> **DATA IN THIS EXERCISE**
^^^^^^^^^^^^^^^^

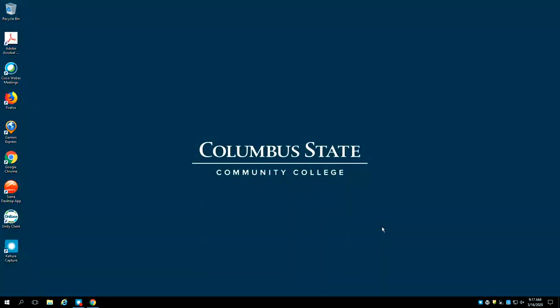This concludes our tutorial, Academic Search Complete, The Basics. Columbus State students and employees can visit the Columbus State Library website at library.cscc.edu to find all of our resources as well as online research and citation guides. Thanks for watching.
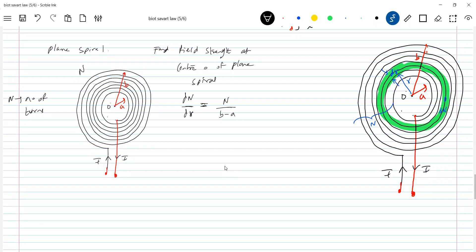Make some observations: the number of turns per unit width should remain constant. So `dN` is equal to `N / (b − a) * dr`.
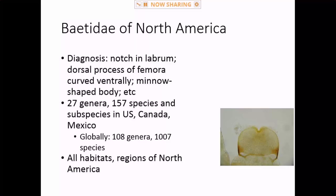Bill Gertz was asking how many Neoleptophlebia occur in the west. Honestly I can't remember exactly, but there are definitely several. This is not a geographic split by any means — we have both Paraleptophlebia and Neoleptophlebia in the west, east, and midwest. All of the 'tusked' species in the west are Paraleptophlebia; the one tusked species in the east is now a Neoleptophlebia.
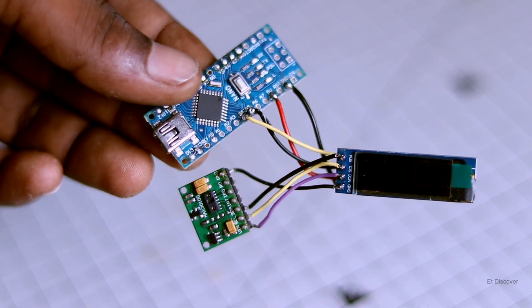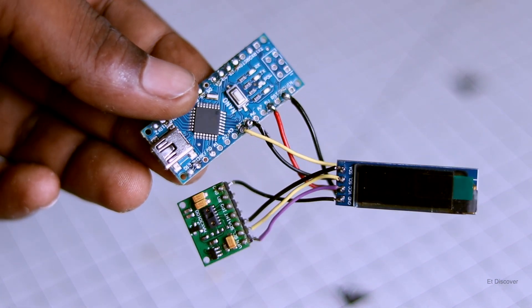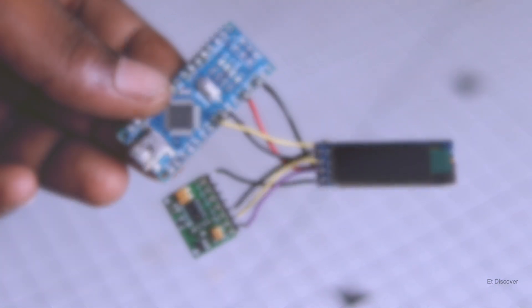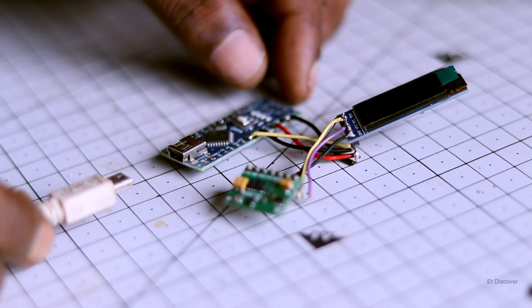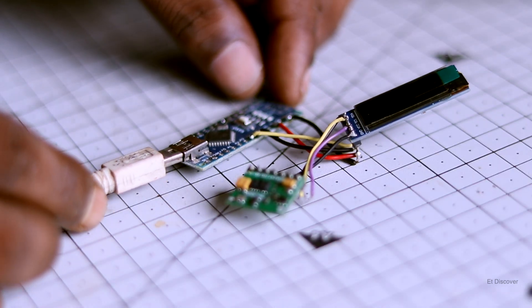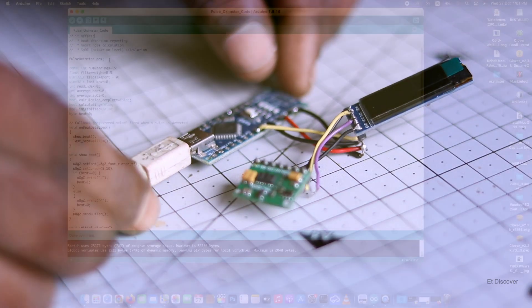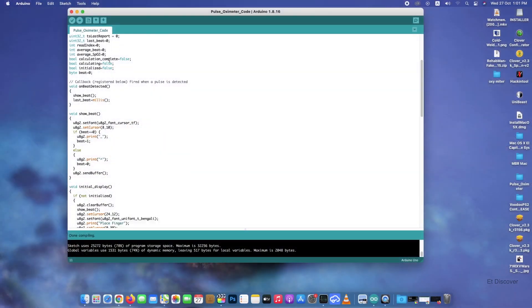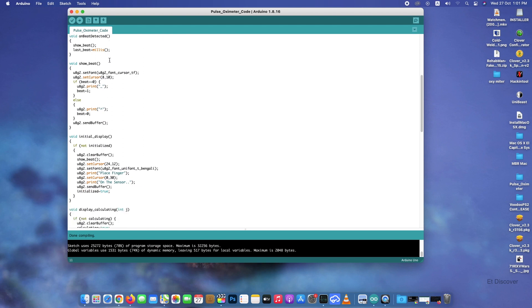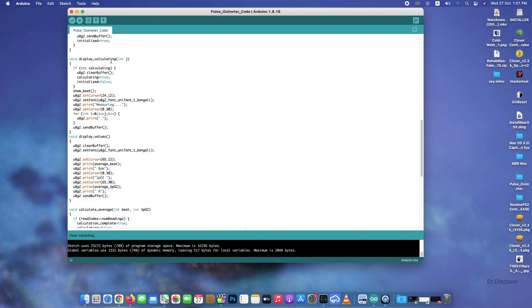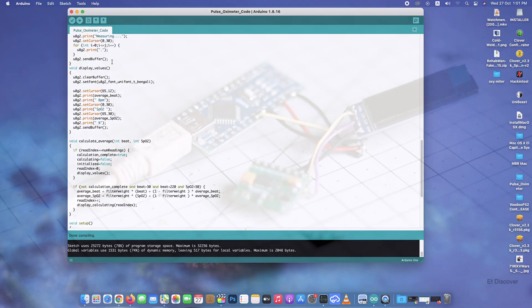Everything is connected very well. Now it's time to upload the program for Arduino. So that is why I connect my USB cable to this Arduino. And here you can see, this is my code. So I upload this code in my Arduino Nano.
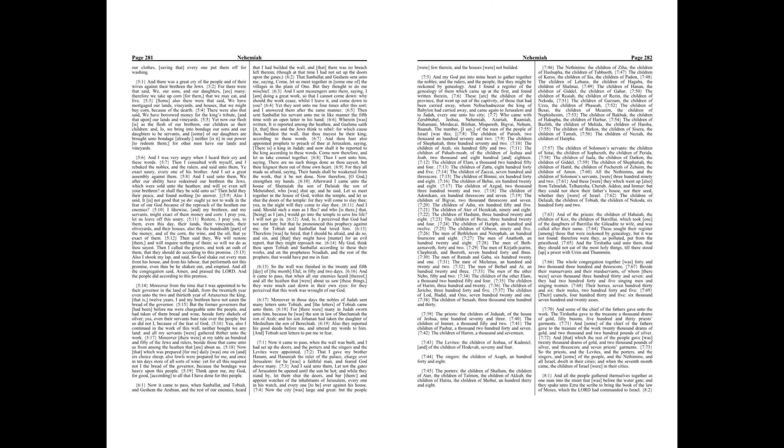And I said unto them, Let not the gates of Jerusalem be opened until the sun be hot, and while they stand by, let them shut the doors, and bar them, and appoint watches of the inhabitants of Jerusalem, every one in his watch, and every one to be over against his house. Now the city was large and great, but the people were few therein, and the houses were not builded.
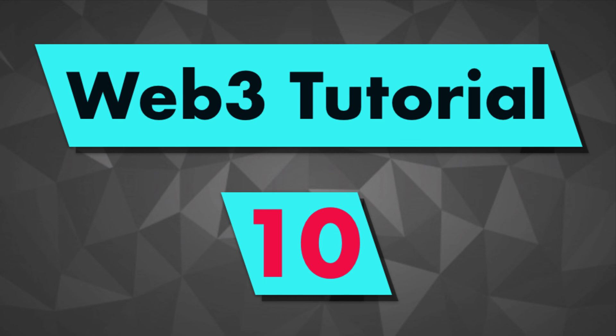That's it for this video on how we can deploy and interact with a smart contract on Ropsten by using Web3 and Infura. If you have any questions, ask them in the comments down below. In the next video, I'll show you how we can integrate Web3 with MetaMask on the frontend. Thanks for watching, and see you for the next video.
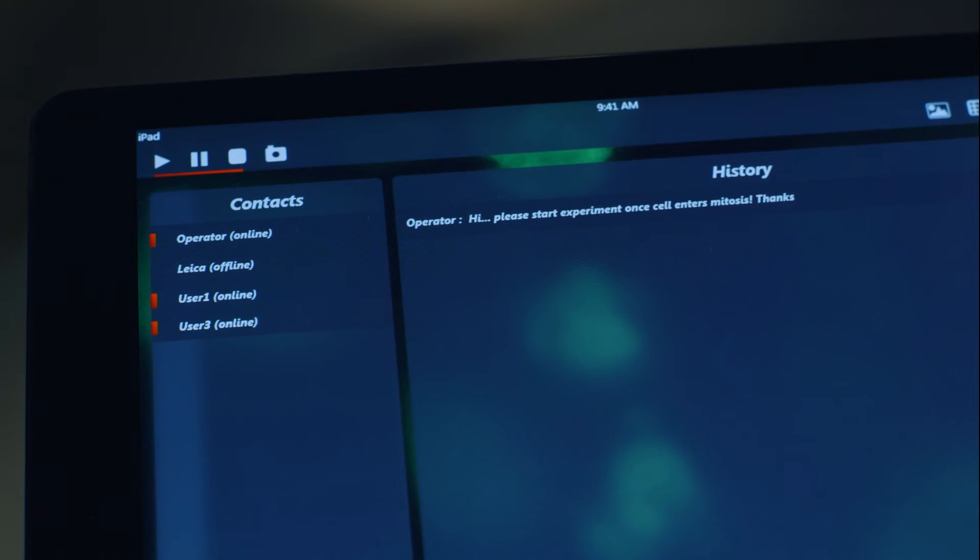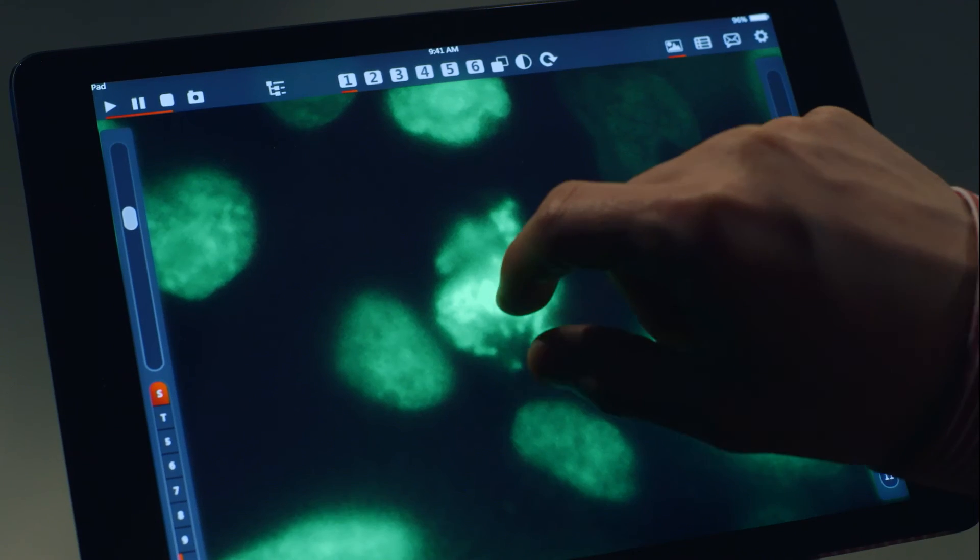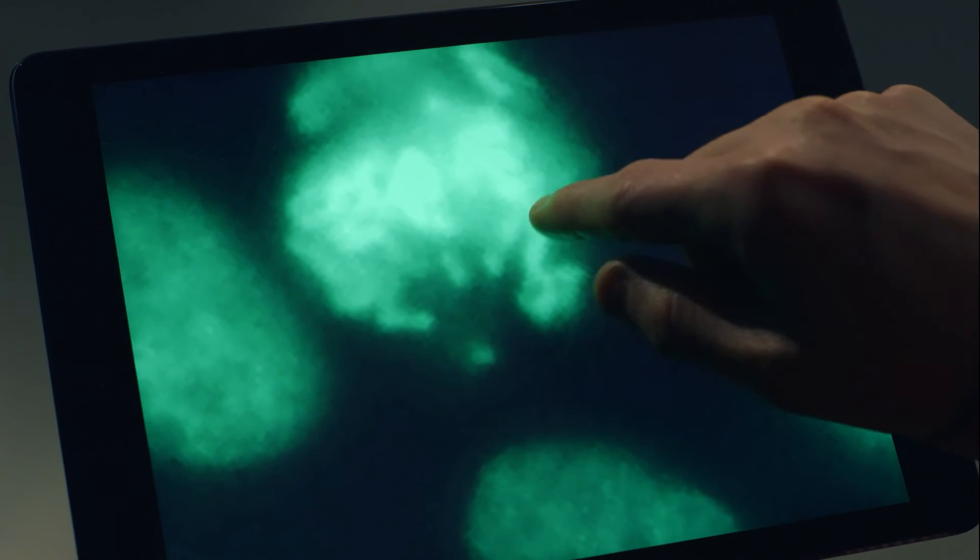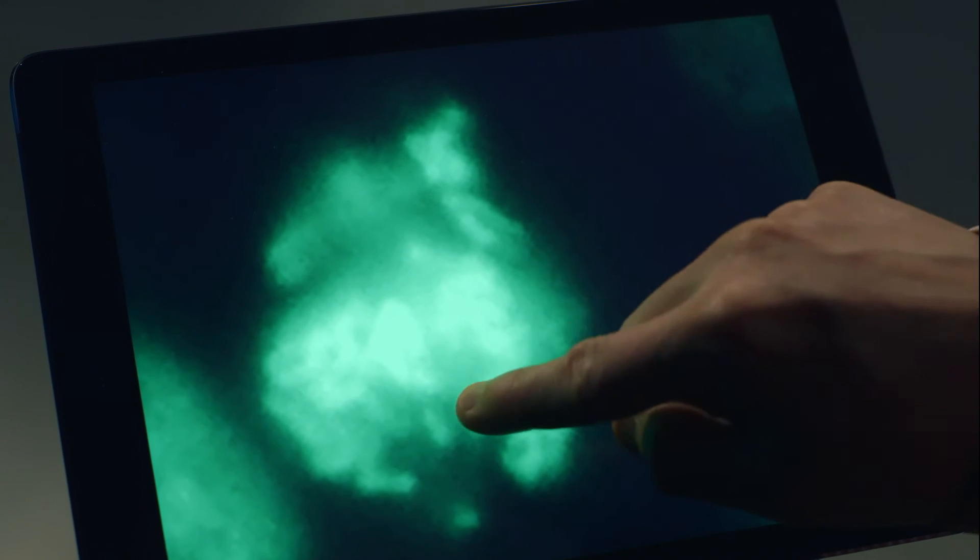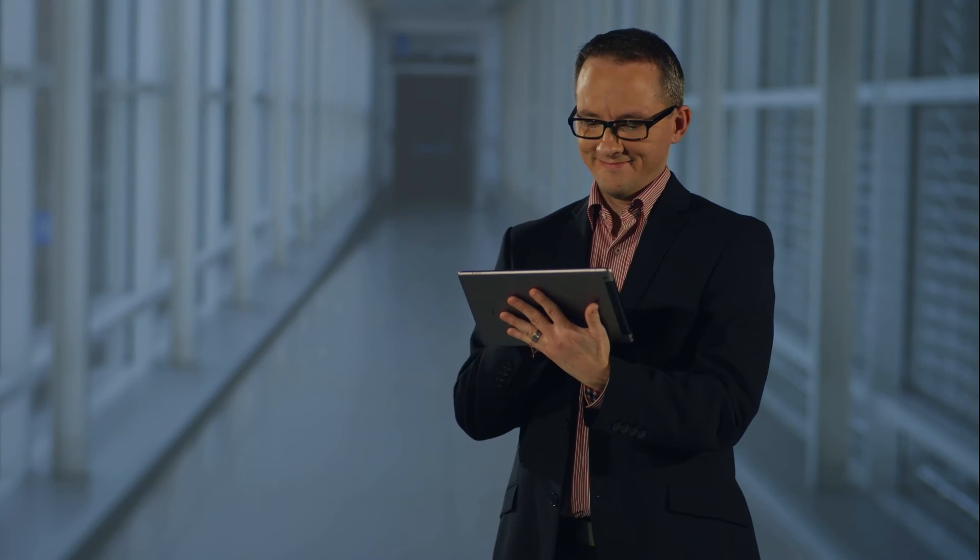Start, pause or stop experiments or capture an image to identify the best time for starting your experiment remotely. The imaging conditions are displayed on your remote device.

^^^^^^^^^^^^^^^^

Output the line that contains "Everything is connected" and every line after it to the end of the records, word for word, leaving out the pictures.

Everything is connected very well. Now it's time to upload the program for Arduino. So that is why I connect my USB cable to this Arduino. And here you can see, this is my code. So I upload this code in my Arduino Nano.
And I said unto them, Let not the gates of Jerusalem be opened until the sun be hot, and while they stand by, let them shut the doors, and bar them, and appoint watches of the inhabitants of Jerusalem, every one in his watch, and every one to be over against his house. Now the city was large and great, but the people were few therein, and the houses were not builded.
That's it for this video on how we can deploy and interact with a smart contract on Ropsten by using Web3 and Infura. If you have any questions, ask them in the comments down below. In the next video, I'll show you how we can integrate Web3 with MetaMask on the frontend. Thanks for watching, and see you for the next video.
Start, pause or stop experiments or capture an image to identify the best time for starting your experiment remotely. The imaging conditions are displayed on your remote device.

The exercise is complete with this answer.